The castle used to be known as Fukashi Castle but during the Sengoku era, then it was moved to another location and renamed as Matsumoto Castle in 1582. Minor keeps, gates and moat were being added and finally the castle’s main keep was completed somewhere between 1593-1594.
Because of its black wainscoting and roof decorations that seem to be flaring out, the castle was nicknamed “Crow Castle.” Most of the original surroundings are still preserved but the gates and defensive measures have been upgraded to fit the standards of the modern world.
Matsumoto Castle is a flatland castle(平城 hirajiro). Its complete defensive structure consists of an extensive system of interconnecting walls, moats and gatehouses. Inside the castle wall, there lived about a hundred Samurai families, all loyal to the lord of the castle.
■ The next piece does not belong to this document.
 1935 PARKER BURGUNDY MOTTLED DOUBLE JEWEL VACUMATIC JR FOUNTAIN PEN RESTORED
One of the castle’s secrets is that it has a hidden floor. From the outside it seems like the main tower only has five stories, but it actually has six. The hidden annex area was used to hide weapons and gunpowder.
The castle has a very interesting structure with wide passages and steep staircases. There are holes for defending the castle with bow and arrow all around the castle. These holes were later narrowed down for the use of guns. The wooden construction for the foundation floor curves inwards to follow the line of the stone foundation. Truly a historical architectural marvel.
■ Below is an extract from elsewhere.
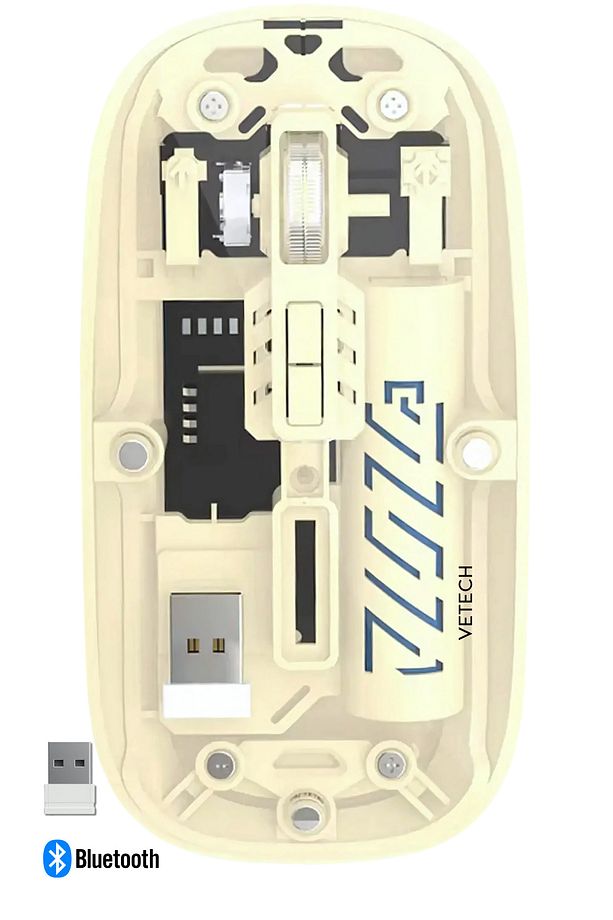 Şarjlı Kablosuz Mouse Şeffaf Tasarım Bluetooth + USB Çift Mod Telefon / Tablet / Laptop / PC - 1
The sixth and top floor lies 22.1 meters above the ground and could be covered with 16 tatami mats for comfort. This floor was used as the headquarters of the “war lord” if the castle was under attack.
On the ceiling there is a shrine dedicated to Nijuroku-yashin, the 26th night goddess of the month. On the night of January 26th, 1618, one of the young vassals on duty saw a woman dressed in beautiful clothes. She handed him a brocade bag and said “if the lord of the castle enshrines me with 500kg of rice on the 26th night of every month, I will protect the castle from fire and enemy.” The deity is still enshrined in the castle rooftop to this day, and it is believed that because of this reason the castle has been able to survive as the oldest castle of Japan in its original form.
Thanks to the collaborative efforts of the people of Matsumoto, the castle is still standing and keeps its history alive.
Access: A 15-min walk or a 5-min bus ride from Matsumoto station (JR Line)
Hours: 8:30am – 5pm (doors close at 4:30pm)
Admission: Adults : 610 yen (Adults), 300 yen (Elementary School to High School students)
Closed: From December 29th until January 3rd
*Free English volunteer guides are available!